Jadi pembagian tauhid menjadi tiga adalah untuk memudahkan pemahaman yang benar bahwasanya tauhid tidak boleh dibagi-bagi.

Pembagian tauhid tersebut adalah :

Pertama ; Tauhid ar-Rububiyah

Kedua : Tauhid al-Uluhiyah

Ketiga ; Tauhid al-Asmaa’ wa as-Shifaat

Adapun tauhid ar-Rububiyah adalah : تَوْحِيْدُ اللهِ بِأَفْعَالِهِ artinya mengesakan perbuatan-perbuatan Allah, bahwasanya hanya Allah semata yang melakukannya tanpa ada cempur tangan dan andil yang lain sama sekali. Dan af’aalullah (أَفْعَالُ اللهِ) banyak, seperti penciptaan, memberi rizki, menghidupkan, mematikan, mengatur alam semesta, memberi manfaat dan mudharat, menyembuhkan, mengabulkan doa dan yang lainnya.

Tauhid Ar-Rububiyah berporos pada tiga perkara, (1) Penciptaan (الْخَلْقُ), yaitu Allah menciptakan makhluk dari tidak ada menjadi ada. (2) Kepemilikian (الْمُلْكُ), artinya karena hanya Allah yang menciptakan alam semesta beserta isinya maka hanya Allah yang memiliki itu semuanya. (3) Pengaturan (التَّدْبِيْرُ), jadi tidak ada yang ikut serta bersama Allah dalam pengaturan alam semesta, semua yang terjadi adalah di bawah aturan Allah.
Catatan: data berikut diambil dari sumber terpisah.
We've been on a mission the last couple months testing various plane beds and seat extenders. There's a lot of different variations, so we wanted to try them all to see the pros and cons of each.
Adapun tauhid al-Uluhiyah (atau al-Ilahiyah atau al-ibadah) adalah mengesakan Allah dalam peribadatan, artinya hamba hanya boleh beribadah kepada Allah semata. Jika tauhid ar-Rububiyah berkaitan dengan أَفْعَالُ اللهِ (perbuatan-perbuatan Allah, seperti menciptakan, menghidupkan, mematikan, memberi rizki, dll), adapun tauhid al-Uluhiyah (al-‘Ibadah) maka berkaitan dengan أَفْعَالُ الْعَبْدِ (perbuatan hamba) yang mencakup bentuk-bentuk ibadah seperti berdoa, bernadzar, menyembelih, khauf (takut), radja (berharap), tawakkal, dll.
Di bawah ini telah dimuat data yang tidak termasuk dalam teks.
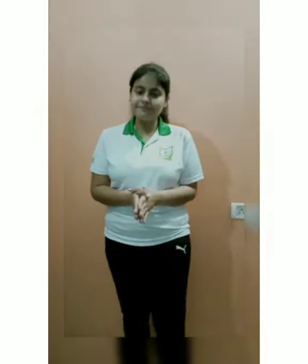Thank you everyone. This is all about the iBank. Thank you.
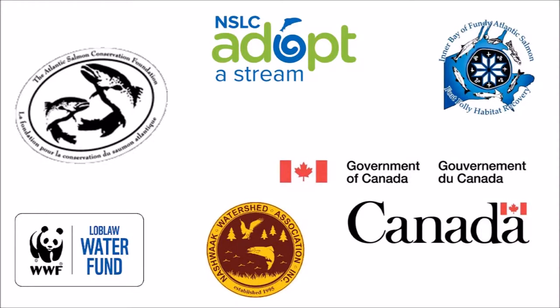A big thank you to all of our partners — past, present, and future — who have made the Broken Brooks project a success throughout the years.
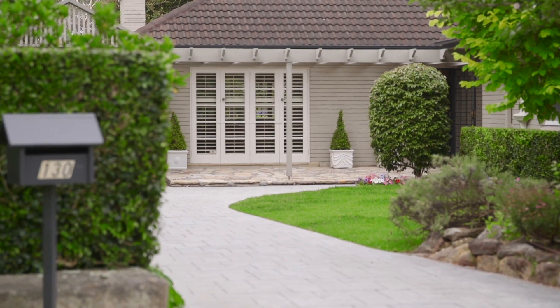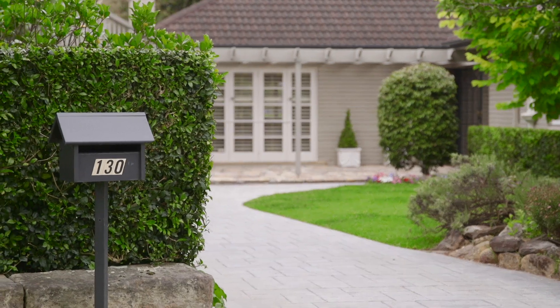The home has been so immaculately kept and lovingly maintained over the last 25 years, it's perfect to move in as is.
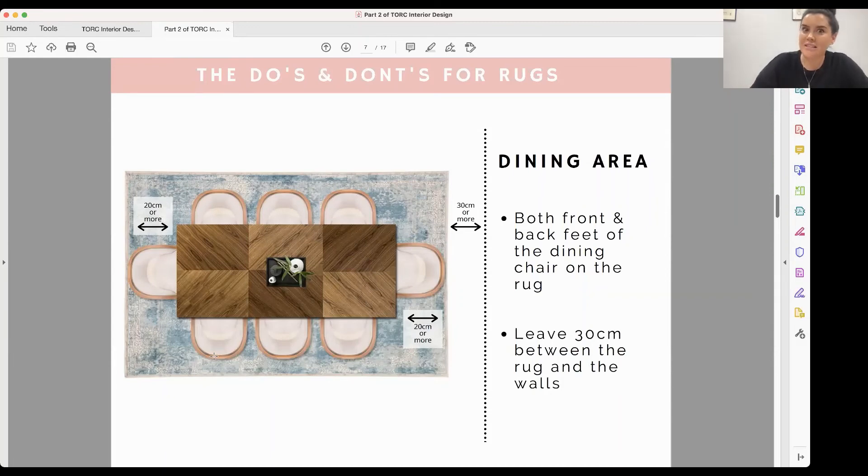You can also get indoor-outdoor rugs which are fantastic for dining areas — really handy if you have children because they're easily cleaned. In open-plan areas they're great for sectioning off a space and giving an otherwise open area a more intimate feel. For a dining area rug, have all the feet of your furniture on the rug. Give yourself about 20 cm or more between the dining chairs and the end of the rug, and 30 cm or more around the perimeter of the rug to the wall so it's easy to walk around.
Adapun tauhid al-Asmaa’ wa as-Shifaat yaitu seorang hamba meyakini bahwasanya Allah Maha Esa dengan kesempurnaan yang mutlak dari segala sisi dalam nama-nama dan sifat-sifatNya yang agung, tidak ada sesuatupun yang serupa dengan Allah dari sisi nama dan sifatNya. Meskipun bisa jadi nama dan sifatnya sama antara makhluk dengan Allah tapi hakikatnya berbeda.

Tauhid ar-Rububiyah dan tauhid al-Asmaa’ wa as-Sifaat berkaitan dengan dzat Allah yang harus diyakini bahwa Allah Maha Esa dalam rububiyahNya dan asma’ dan sifaatNya. Para hamba harus mengilmui dan meyakini hal ini.

Adapun tauhid al-Uluhiyah berkaitan dengan perbuatan hamba, yaitu hamba hanya boleh beribadah kepada Allah, karena Allah-lah satu-satunya yang berhak untuk disembah karena Allah Maha Esa dalam rububiyahnya dan asmaa’ wa shifaatNya. Dari sinilah ada sebagian ulama yang membagi tauhid menjadi dua, (1) Tauhid al-ilmi wa al-ma’rifah, yang mencakup tauhid ar-Rububiyah dan tauhid al-Asmaa’ wa as-Shifaat, karena fokusnya adalah agar para hamba mengilmui dan bermakrifat tentang rububiyah Allah dan asmaa’ wa shifaatNya. Yang ke (2) Tauhid al-‘Amal wa at-Thalab yang berkaitan dengan tauhidu al-Uluhiyah karena fokusnya adalah menuntut (thalab) para hamba untuk ber-amal hanya untuk Allah.